**** THE RECORDS ****
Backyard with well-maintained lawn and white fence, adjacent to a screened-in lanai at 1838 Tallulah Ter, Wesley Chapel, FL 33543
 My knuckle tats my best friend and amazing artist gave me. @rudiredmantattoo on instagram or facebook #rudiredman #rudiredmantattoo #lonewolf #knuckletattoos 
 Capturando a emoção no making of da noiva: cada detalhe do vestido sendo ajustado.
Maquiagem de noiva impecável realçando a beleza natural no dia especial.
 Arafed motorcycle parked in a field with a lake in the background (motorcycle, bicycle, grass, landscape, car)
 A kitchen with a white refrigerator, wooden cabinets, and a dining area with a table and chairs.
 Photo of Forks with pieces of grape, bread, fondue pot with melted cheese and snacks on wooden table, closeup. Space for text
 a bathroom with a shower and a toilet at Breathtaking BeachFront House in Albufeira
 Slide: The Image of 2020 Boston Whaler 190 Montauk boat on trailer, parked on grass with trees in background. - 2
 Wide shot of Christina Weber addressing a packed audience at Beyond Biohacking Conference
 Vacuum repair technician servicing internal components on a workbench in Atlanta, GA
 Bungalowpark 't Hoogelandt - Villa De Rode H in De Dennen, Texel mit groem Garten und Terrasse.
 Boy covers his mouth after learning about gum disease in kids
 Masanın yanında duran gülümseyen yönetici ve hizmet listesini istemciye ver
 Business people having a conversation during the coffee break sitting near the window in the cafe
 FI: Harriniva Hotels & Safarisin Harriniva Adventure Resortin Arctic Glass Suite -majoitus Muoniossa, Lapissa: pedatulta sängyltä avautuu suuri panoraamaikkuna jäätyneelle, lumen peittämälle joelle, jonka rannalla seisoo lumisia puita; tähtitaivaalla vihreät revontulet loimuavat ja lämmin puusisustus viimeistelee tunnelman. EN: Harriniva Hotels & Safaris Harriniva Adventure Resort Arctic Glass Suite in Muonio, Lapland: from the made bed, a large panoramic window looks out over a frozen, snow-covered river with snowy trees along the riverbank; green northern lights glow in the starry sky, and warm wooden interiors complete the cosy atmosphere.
****
▶ [EXERCISE GOAL]:
The lines to copy are those in the listing that contain the word "wooden".

▶ [EXPECTED OUTPUT]:
 A kitchen with a white refrigerator, wooden cabinets, and a dining area with a table and chairs.
 Photo of Forks with pieces of grape, bread, fondue pot with melted cheese and snacks on wooden table, closeup. Space for text
 FI: Harriniva Hotels & Safarisin Harriniva Adventure Resortin Arctic Glass Suite -majoitus Muoniossa, Lapissa: pedatulta sängyltä avautuu suuri panoraamaikkuna jäätyneelle, lumen peittämälle joelle, jonka rannalla seisoo lumisia puita; tähtitaivaalla vihreät revontulet loimuavat ja lämmin puusisustus viimeistelee tunnelman. EN: Harriniva Hotels & Safaris Harriniva Adventure Resort Arctic Glass Suite in Muonio, Lapland: from the made bed, a large panoramic window looks out over a frozen, snow-covered river with snowy trees along the riverbank; green northern lights glow in the starry sky, and warm wooden interiors complete the cosy atmosphere.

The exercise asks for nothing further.